* Task description *
The records that follow should be returned exactly, pictures excluded.

* Material to process *
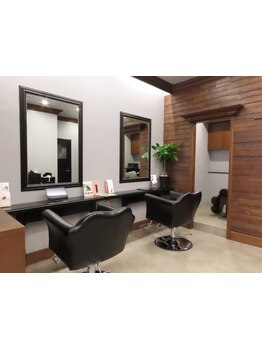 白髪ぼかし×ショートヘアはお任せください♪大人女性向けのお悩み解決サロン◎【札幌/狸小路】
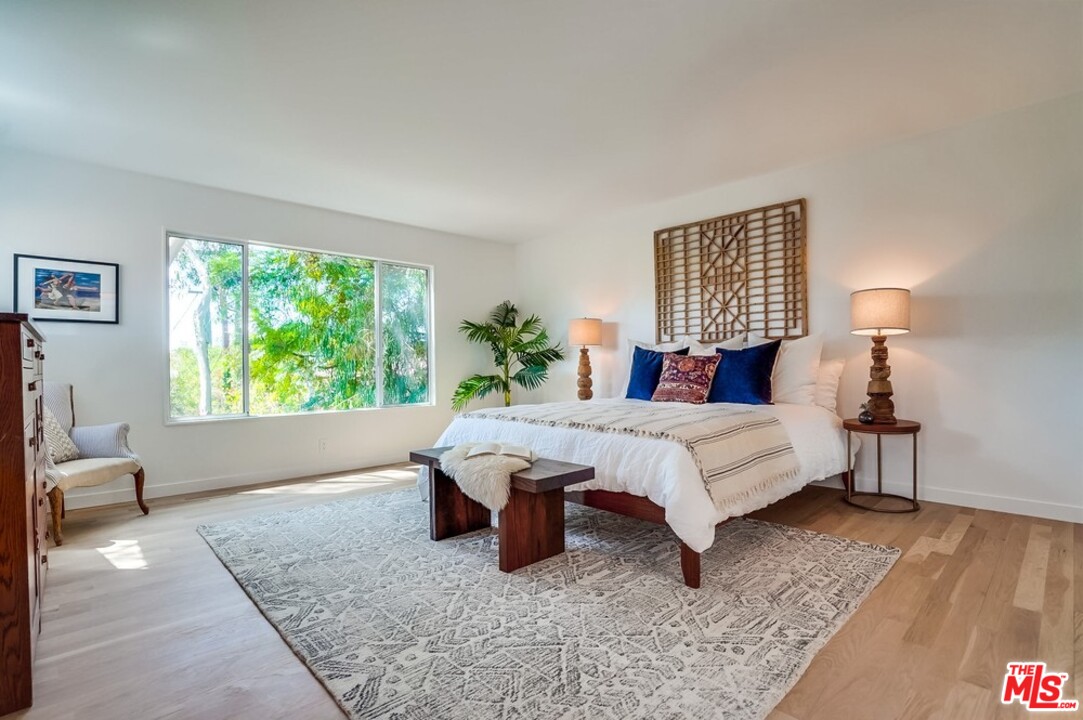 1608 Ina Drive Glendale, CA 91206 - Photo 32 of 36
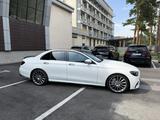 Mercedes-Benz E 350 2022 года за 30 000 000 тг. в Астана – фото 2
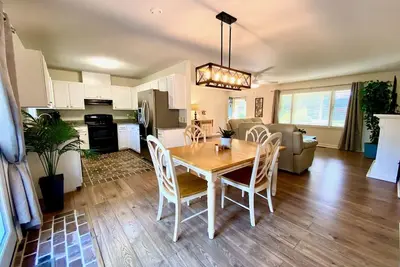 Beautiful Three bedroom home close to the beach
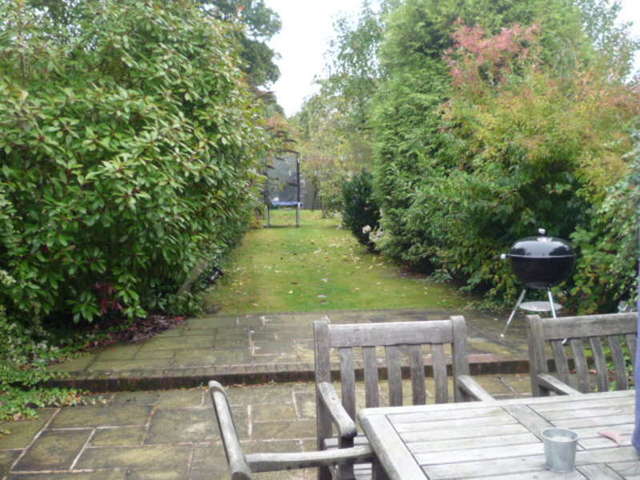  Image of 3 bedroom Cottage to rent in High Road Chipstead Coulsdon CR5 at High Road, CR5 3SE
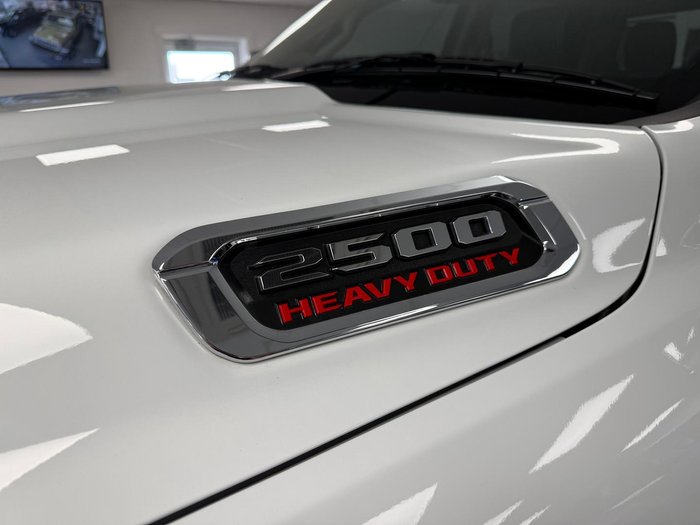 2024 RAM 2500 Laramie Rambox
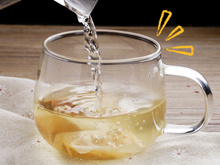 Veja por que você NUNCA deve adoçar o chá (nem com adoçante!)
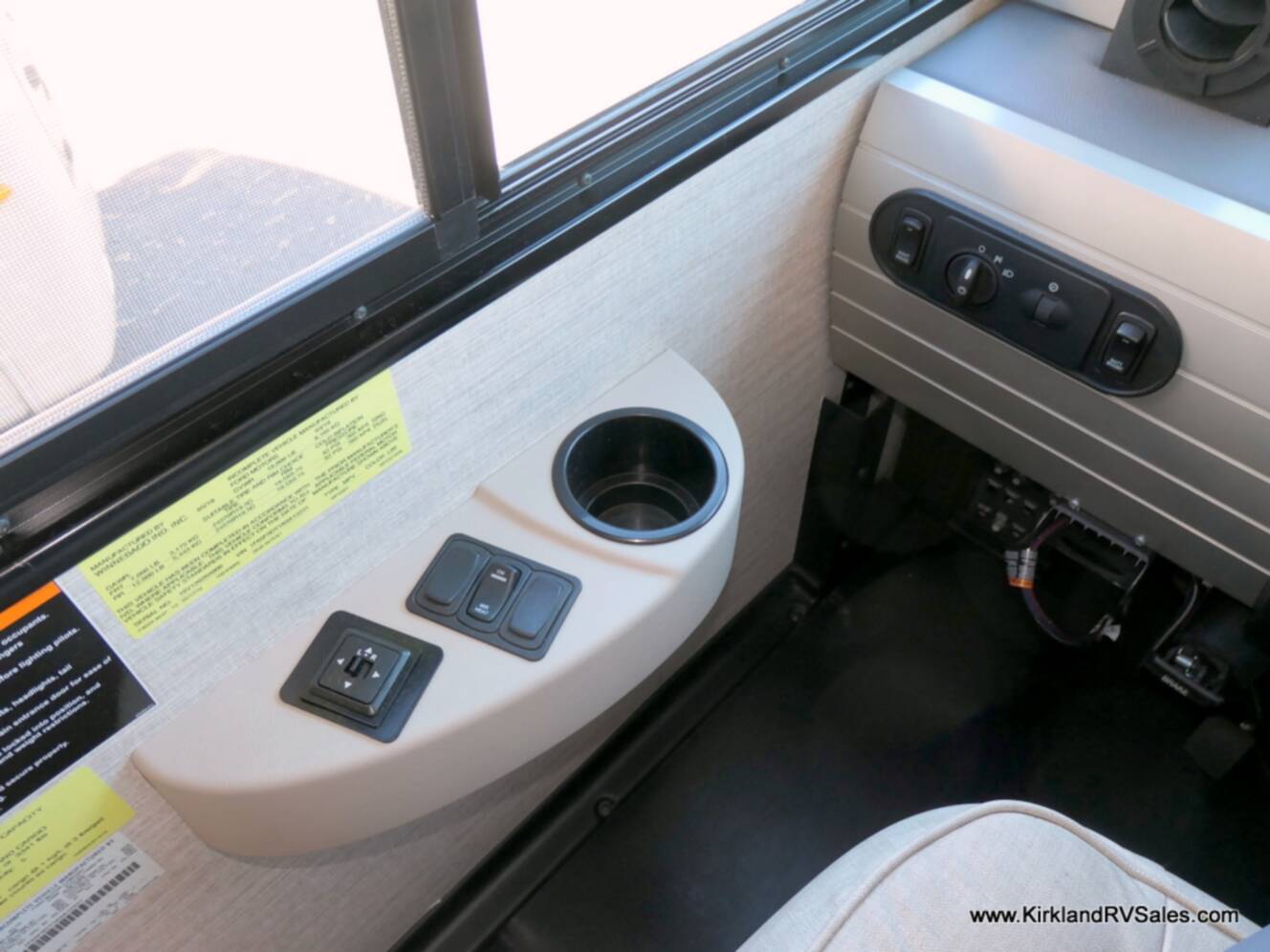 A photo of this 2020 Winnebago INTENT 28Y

* Task result *
 白髪ぼかし×ショートヘアはお任せください♪大人女性向けのお悩み解決サロン◎【札幌/狸小路】
 1608 Ina Drive Glendale, CA 91206 - Photo 32 of 36
 Mercedes-Benz E 350 2022 года за 30 000 000 тг. в Астана – фото 2
 Beautiful Three bedroom home close to the beach
  Image of 3 bedroom Cottage to rent in High Road Chipstead Coulsdon CR5 at High Road, CR5 3SE
 2024 RAM 2500 Laramie Rambox
 Veja por que você NUNCA deve adoçar o chá (nem com adoçante!)
 A photo of this 2020 Winnebago INTENT 28Y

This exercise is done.